Collected material Start Marker

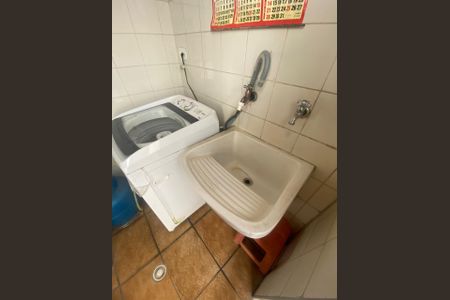 Casa à venda com 250m², 3 quartos e 2 vagasÁrea de Serviço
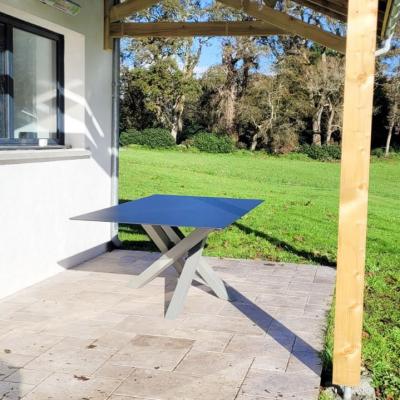 Table de jardin - Pieds entrecroisés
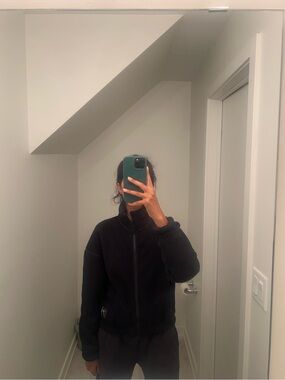 Black Gymshark Sherpa Jacket XS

Collected material End Marker

Instructions to follow »
Copy out all of the data word for word. Do not carry over any picture.

Written solution »
 Casa à venda com 250m², 3 quartos e 2 vagasÁrea de Serviço
 Table de jardin - Pieds entrecroisés
 Black Gymshark Sherpa Jacket XS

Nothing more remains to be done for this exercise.